# About this exercise:
Using the data that follows, give again word for word the lines between the one holding "Estudantes do Curso" and the one holding "Stunning Gold Earring for Daily Wear", inclusive. Omit the pictures.

# Dataset:
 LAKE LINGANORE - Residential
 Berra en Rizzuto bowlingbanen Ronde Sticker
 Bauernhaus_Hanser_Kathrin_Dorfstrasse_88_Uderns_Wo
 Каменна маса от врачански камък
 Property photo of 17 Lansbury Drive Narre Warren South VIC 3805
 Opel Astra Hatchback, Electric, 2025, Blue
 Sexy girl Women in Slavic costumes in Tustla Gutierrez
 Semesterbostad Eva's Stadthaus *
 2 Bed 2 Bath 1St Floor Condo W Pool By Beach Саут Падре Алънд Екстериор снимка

* * *

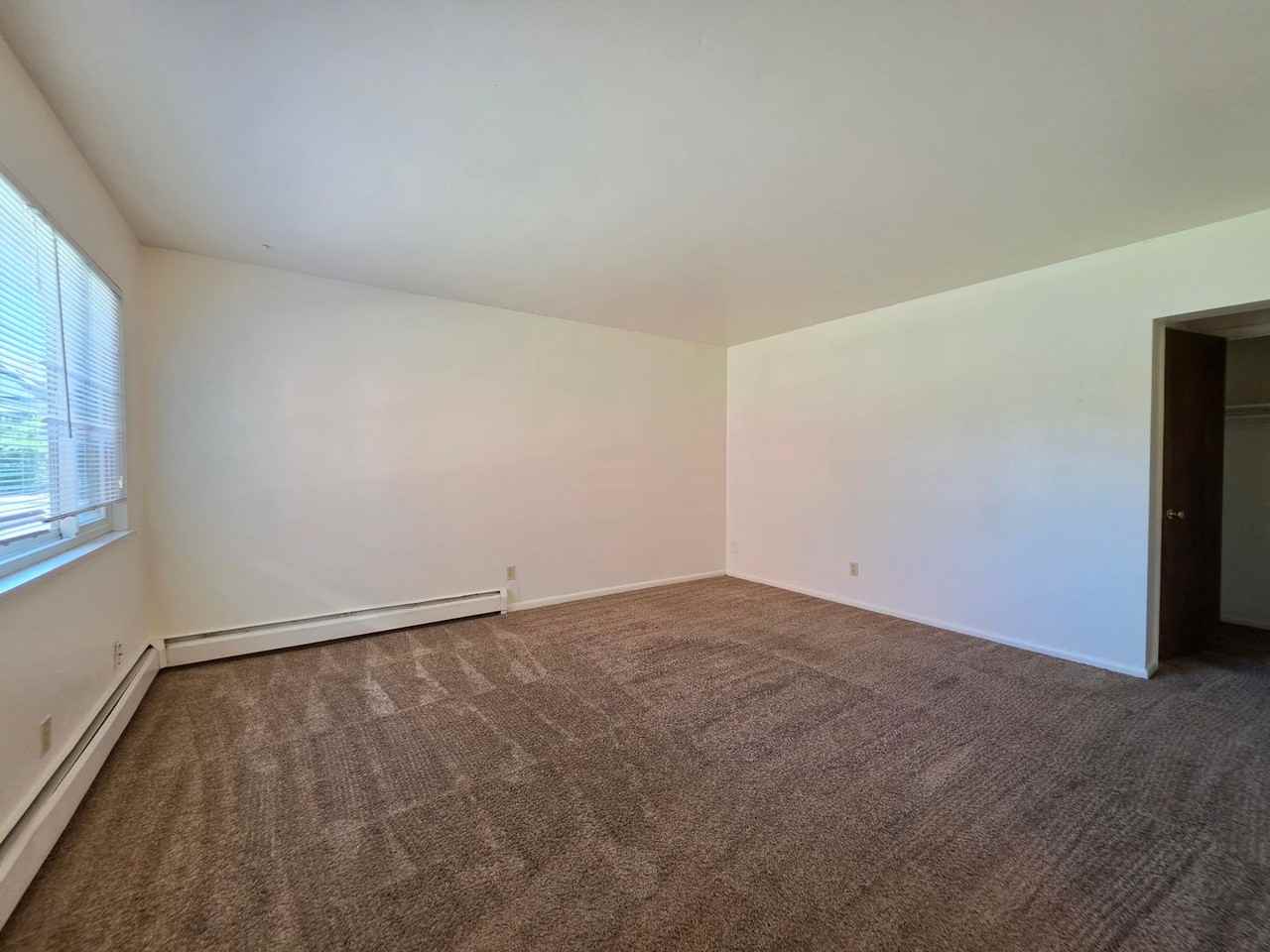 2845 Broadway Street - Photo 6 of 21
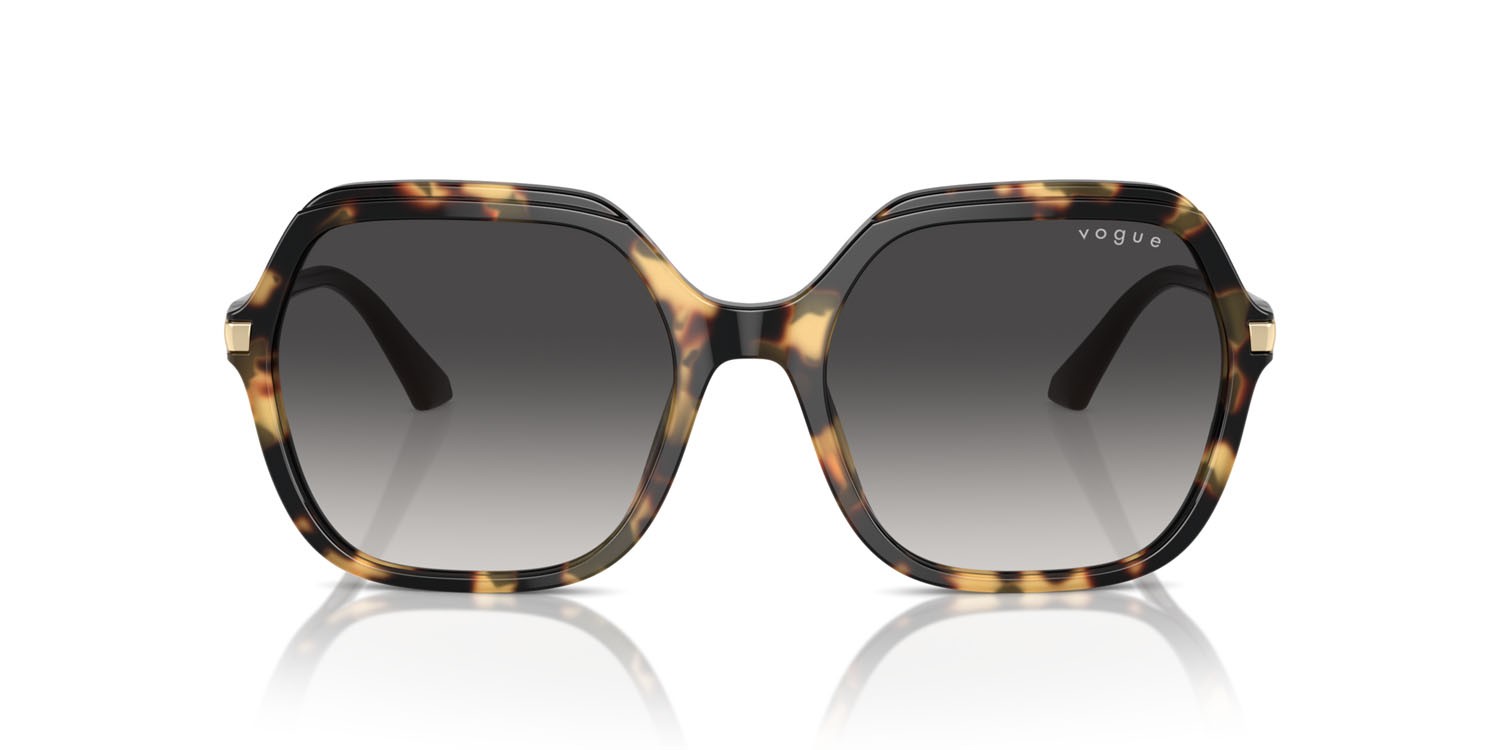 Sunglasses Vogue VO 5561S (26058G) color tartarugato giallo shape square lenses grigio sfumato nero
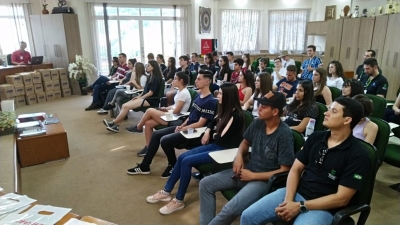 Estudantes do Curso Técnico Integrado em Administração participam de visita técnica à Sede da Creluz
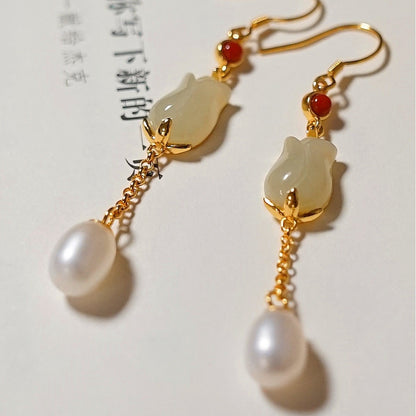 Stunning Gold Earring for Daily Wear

# Solution to this task:
 Estudantes do Curso Técnico Integrado em Administração participam de visita técnica à Sede da Creluz
 Stunning Gold Earring for Daily Wear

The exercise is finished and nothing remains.